Things are different now where as I have a child to take care of. He brings me hope. He's my miracle. I was hugging him and squeezing him and kissing him before I put him down for a nap. I love him more than myself. I praise God for giving me my miracle son. He helps me not think about my illness as much as focus on him. That's got to be a God thing for sure.
I know God can redeem this illness but with days like yesterday and today I start to feel hopeless. I have asked friends and family to pray because that is all that I know what to do at this point. I pray that God hears all of our cries for help and mercy and he can help me through another hard day where the chemicals in my brain just aren't quite right.
I'm a good mom. I'm a good friend. Im a good wife. I'm a good daughter. It just so happens I have a mental illness. Does this have to make me different?
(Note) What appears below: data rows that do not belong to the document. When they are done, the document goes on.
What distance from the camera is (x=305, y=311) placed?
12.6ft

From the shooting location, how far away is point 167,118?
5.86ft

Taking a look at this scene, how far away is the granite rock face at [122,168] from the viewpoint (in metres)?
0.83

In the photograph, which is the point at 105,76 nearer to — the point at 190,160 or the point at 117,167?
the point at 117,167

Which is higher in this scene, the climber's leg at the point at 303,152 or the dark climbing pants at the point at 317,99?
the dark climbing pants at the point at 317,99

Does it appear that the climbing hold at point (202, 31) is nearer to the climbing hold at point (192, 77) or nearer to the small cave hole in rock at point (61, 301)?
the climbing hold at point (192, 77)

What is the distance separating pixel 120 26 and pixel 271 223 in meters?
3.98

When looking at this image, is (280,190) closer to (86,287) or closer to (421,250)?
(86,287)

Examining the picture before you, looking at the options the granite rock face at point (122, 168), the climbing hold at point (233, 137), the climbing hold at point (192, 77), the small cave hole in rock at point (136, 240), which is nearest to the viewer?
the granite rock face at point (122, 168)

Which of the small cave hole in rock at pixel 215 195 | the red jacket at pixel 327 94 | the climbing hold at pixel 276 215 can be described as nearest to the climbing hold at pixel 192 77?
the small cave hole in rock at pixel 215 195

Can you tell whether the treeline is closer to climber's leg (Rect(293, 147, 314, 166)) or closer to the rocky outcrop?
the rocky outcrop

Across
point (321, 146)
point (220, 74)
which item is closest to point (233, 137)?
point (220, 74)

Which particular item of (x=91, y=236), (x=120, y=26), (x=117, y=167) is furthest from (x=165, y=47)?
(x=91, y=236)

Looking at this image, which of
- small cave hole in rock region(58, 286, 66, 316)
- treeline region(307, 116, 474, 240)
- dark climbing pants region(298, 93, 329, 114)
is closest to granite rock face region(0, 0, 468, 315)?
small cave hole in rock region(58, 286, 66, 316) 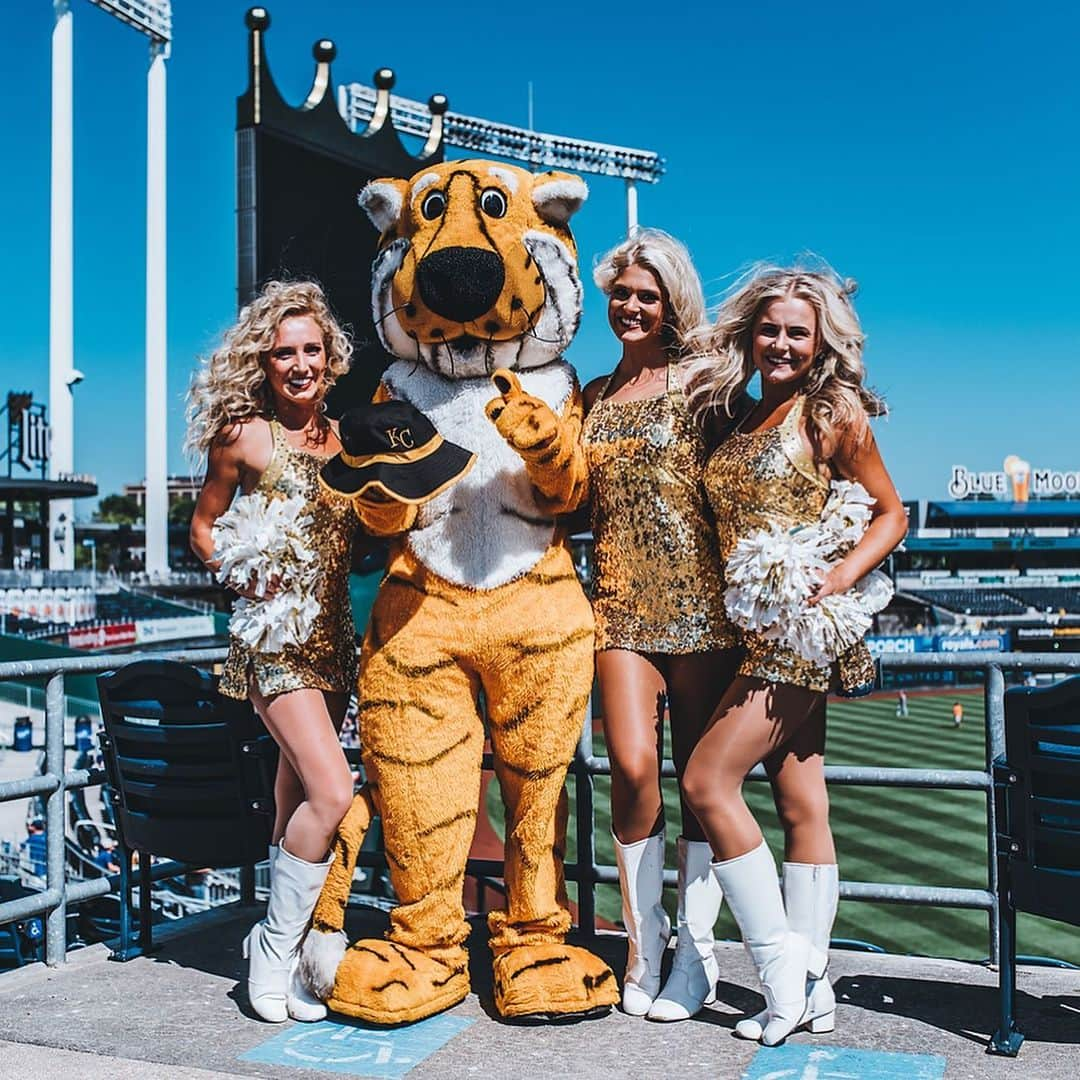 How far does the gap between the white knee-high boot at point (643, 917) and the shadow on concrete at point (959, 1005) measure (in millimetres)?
484

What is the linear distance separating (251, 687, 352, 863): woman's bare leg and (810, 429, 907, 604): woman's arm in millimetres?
1196

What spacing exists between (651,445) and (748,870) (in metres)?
0.99

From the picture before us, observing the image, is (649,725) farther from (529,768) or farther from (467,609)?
(467,609)

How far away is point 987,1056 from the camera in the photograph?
8.20 ft

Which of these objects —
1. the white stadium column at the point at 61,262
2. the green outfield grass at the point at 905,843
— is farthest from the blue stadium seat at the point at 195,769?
the white stadium column at the point at 61,262

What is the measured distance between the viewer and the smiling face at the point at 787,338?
8.89 ft

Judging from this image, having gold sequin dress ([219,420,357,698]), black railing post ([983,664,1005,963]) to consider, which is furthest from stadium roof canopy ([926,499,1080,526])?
gold sequin dress ([219,420,357,698])

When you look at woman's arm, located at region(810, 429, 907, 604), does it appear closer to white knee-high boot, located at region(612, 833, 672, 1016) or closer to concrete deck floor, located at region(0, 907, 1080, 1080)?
white knee-high boot, located at region(612, 833, 672, 1016)

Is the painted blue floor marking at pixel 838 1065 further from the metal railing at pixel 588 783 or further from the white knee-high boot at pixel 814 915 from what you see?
the metal railing at pixel 588 783

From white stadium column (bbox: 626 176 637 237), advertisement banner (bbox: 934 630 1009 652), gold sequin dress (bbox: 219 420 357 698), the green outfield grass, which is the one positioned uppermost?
white stadium column (bbox: 626 176 637 237)

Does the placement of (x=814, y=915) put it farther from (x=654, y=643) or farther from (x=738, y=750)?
(x=654, y=643)

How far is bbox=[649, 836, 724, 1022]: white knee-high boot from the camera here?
107 inches

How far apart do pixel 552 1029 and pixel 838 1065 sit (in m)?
0.63

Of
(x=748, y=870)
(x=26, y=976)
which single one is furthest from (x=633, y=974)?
(x=26, y=976) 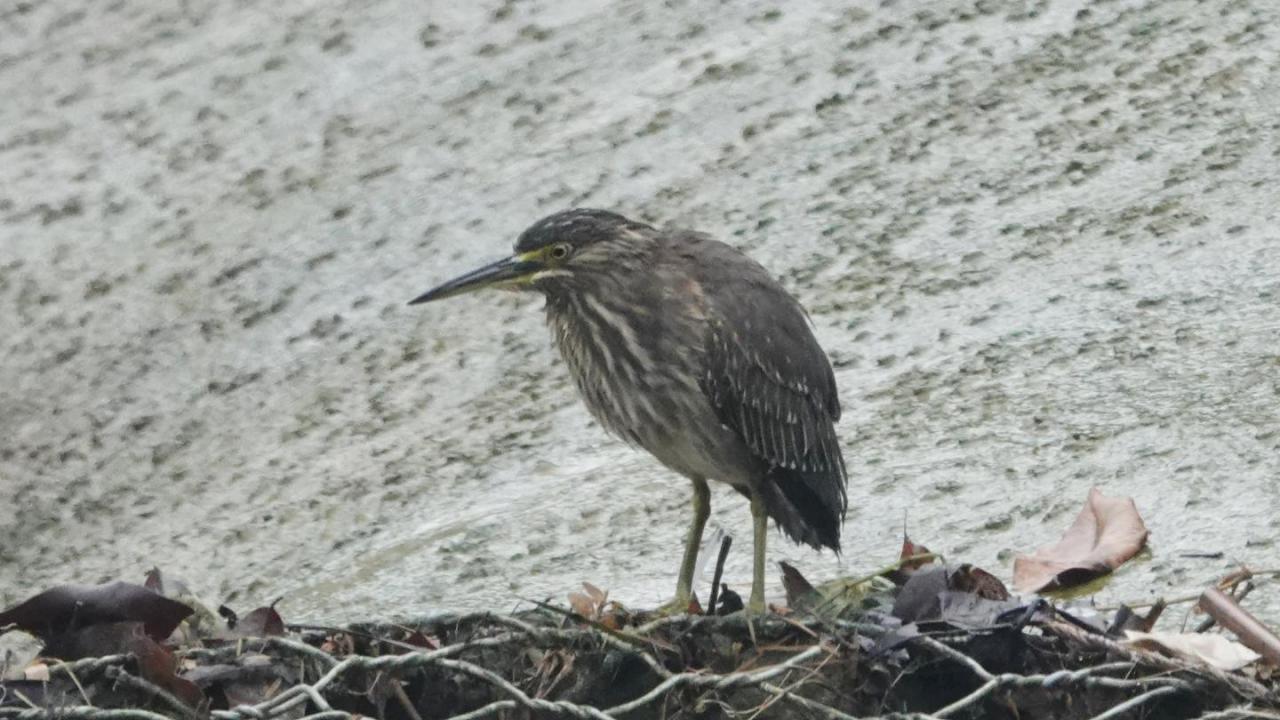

In God's eyes no. This is the thorn in my flesh that is always there beckoning to come out. This is the ugly side of the fall of man. Where sin entered the world and now we deal with pain and suffering. This is my suffering. It comes and goes and I am thankful for that. That not every day is a struggle with my mind. That most of my days are good and pure and I can praise God for that.
But on days like today I'll be honest I want to know where God is and why he is letting this happen again. Haven't I suffered enough in the past 10 years? I guess not. Why is he letting this happen yet again?
If I get stuck in the why I'll drown in sorrow. I'll drown in the sad feelings of hopelessness.
I must persevere and trust that God has a plan. That is all. Prayer and trust that God has a plan.